Caption: Over 40 Grand Erie secondary students were hired and placed at various Grand Erie sites and community organizations throughout the district.
It’s not every day that you get the chance to spend your summer holidays back at camp, but only this time as the counsellor and not the camper.
But 42 Grand Erie secondary students are doing just that in July and August, as well as trying out a few other professions that might interest them.
Through Focus on Youth (FOY), a Ministry of Education funded program, students have been given full-time employment opportunities with various not-for-profit groups in Brant, Haldimand and Norfolk.
While a majority of students are placed in summer camps, there were also placements in the Grand Erie Facility Services department, City of Brantford Food Bank, Grand River Conservation Authority and Habitat for Humanity. This summer is also the first that FOY opportunities were offered in Norfolk and Haldimand County.
“We’re seeing a major confidence boost in these students who are simultaneously building a stronger community for themselves,” said Kimberly Roberts, Student Leadership Development Lead.
“They’re engaged and these opportunities are giving them more options for work in the areas that interest them.”
At West Lynn Public School in Simcoe, two Simcoe Composite Secondary School students are enjoying spending their summer as camp counsellors right in their own backyard.

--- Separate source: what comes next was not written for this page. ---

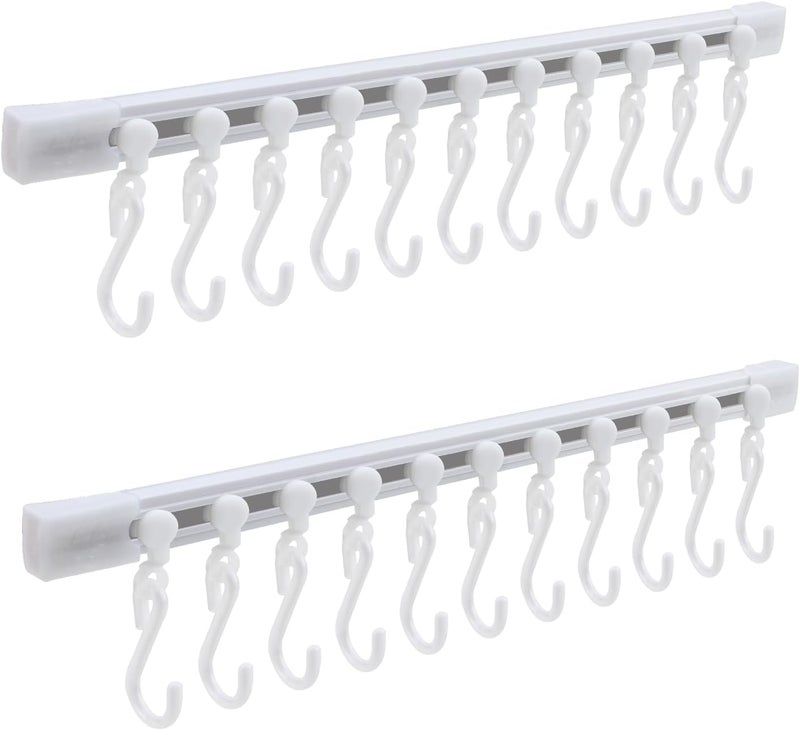 FUYAHA Kitchen Utensil Hanging Rrack - Hooks for Kitchen Utensils, No Drilling Wall Mounted Utensil Holder, Kitchen Rail Rack with 10 Hooks Hanger for Kitchen Bathroom (Pack of 2) - Image 1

“It’s a cool program for us to be able to pursue through the school,” said Grade 12 student Kyla Smith. “I like that this is more interactive work and that I can hang out with kids and get a better feel for it.”
Kyla hopes to pursue a career in teaching and feels that her time at camp has been a natural fit.
The goal of Focus on Youth is to provide greater access to high quality programs for children and youth in the community. FOY provides learning, leadership and employment opportunities for youth and offers free use of school space for children and youth based programming. The program, first launched in Grand Erie for March Break 2016, also allows Grand Erie to provide employment experiences for ‘at-risk’ youth.
“Students have the ability to be a mentor and a big brother or sister for other students in the community,” said Roberts. “You don’t always realize the positive impact you might have on others.”
Myrtleville House was a returning community partner to the FOY program this summer having run a week-long camp in March with Grand Erie students as counsellors. This summer’s camp runs from July 4 until the end of summer break, which Sarah Thomas, Education Officer with the Brant Historical Society, believes to be a benefit for the students.
“There’s so much more time for the students to develop their skills in the summer program,” said Thomas. “They can learn and work with the senior counsellors to achieve and help the camp run smoothly. They really get to explore more of a realistic working world.”